La visione viene pura e fresca come se provenisse direttamente dalla presenza di Dio. Il tradizionalismo crolla. Il dubbio si ritira come un fantasma della notte. Potenti rivoluzioni morali e risvegli spirituali sono compiuti per mezzo dei Suoi eletti. E dovrebbe essere nostro desiderio e nostra gioia riconoscere e accogliere questi veggenti di Dio.

"Colui che osserva la legge, felice è lui." È triste essere senza rivelazione e brancolare nelle tenebre a mezzogiorno; tenere la mente in malinconica attesa, incerta su Dio, sulla sua volontà, sulla vita eterna. Ma è meglio non avere alcuna rivelazione che averla e ignorarla. Il dubbio onesto è pieno di dolore necessario, ma credere e non obbedire è la strada per l'inevitabile rovina.

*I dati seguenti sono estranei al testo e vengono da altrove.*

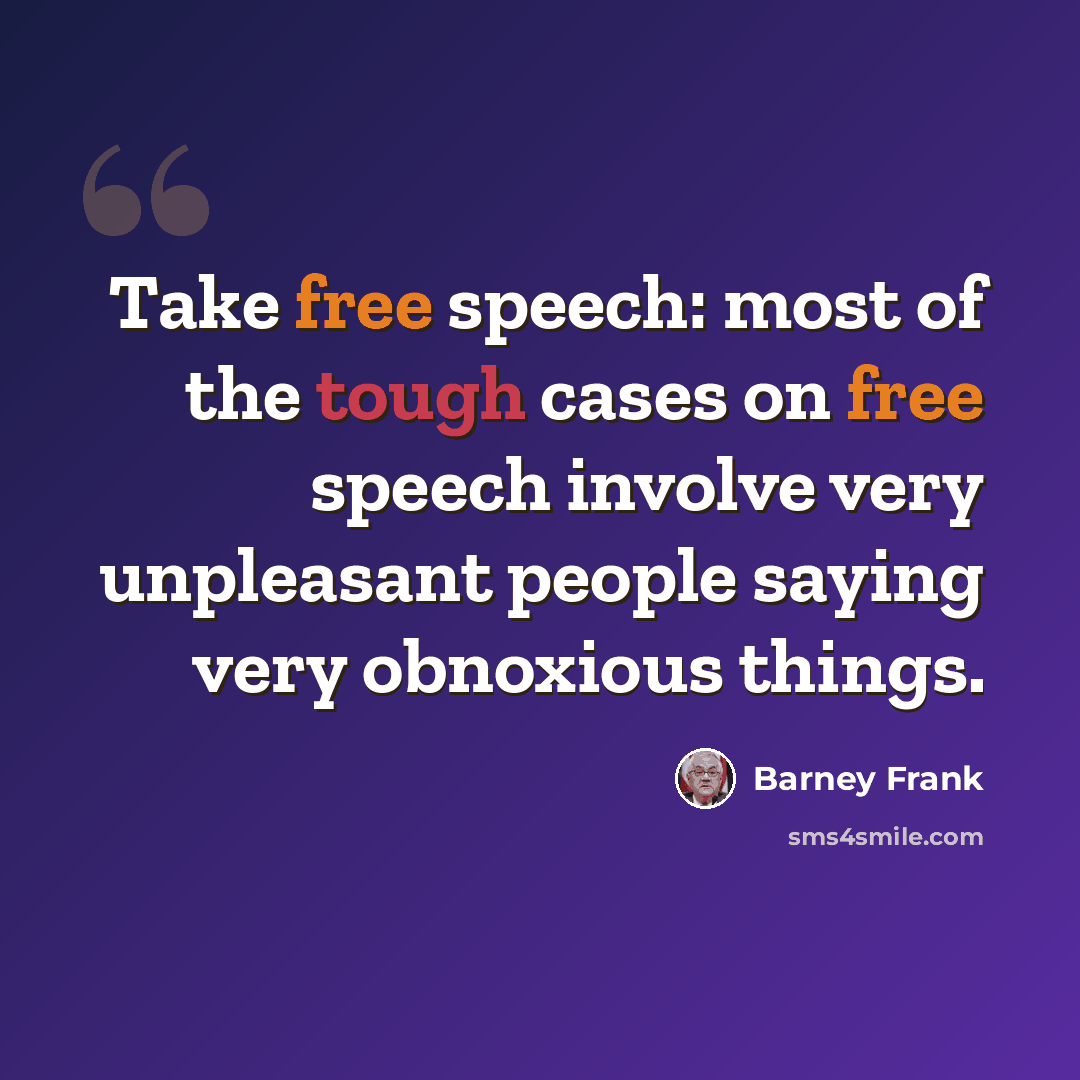 “Take free speech: most of the tough cases on free speech involve very unpleasant people saying very obnoxious things.” quote by Barney Frank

"Colui che osserva" - sì, colui che guarda alla rivelazione, non per curiosità, ma per una legge secondo cui vivere; che ascolta i precetti saggi, non per esclamare: "Come sono saggi!" ma per agire su di essi.

Ci sono molti cristiani che si professano costantemente immersi nell'oscurità. I non credenti possono puntare loro il dito contro e dire: "Credono in Dio, nella salvezza e nel paradiso, ma guarda che effetto ha su di loro. Credono davvero?" Oh, sì, credono davvero, ma non obbediscono; e nessuna quantità di fede porta felicità duratura a parte l'obbedienza. La legge ci impone di amare Dio, di amare gli uomini; ci richiede di astenerci da ogni apparenza di male, di non toccare la cosa impura; ci ordina di non amare il mondo, ci dice quanto sia impossibile il doppio servizio di Dio e Mammona.

Ora, anche se crediamo tutto, non può darci nient'altro che dolore a meno che non lo rispettiamo. Se c'è una visione e ad essa chiudiamo gli occhi, se c'è una legge e ci allontaniamo da essa, guai a noi! Ma se riceviamo la visione, se osserviamo lealmente e seriamente la legge, il mondo non può sondare la profondità della nostra pace, né elevarsi all'altezza della nostra gioia.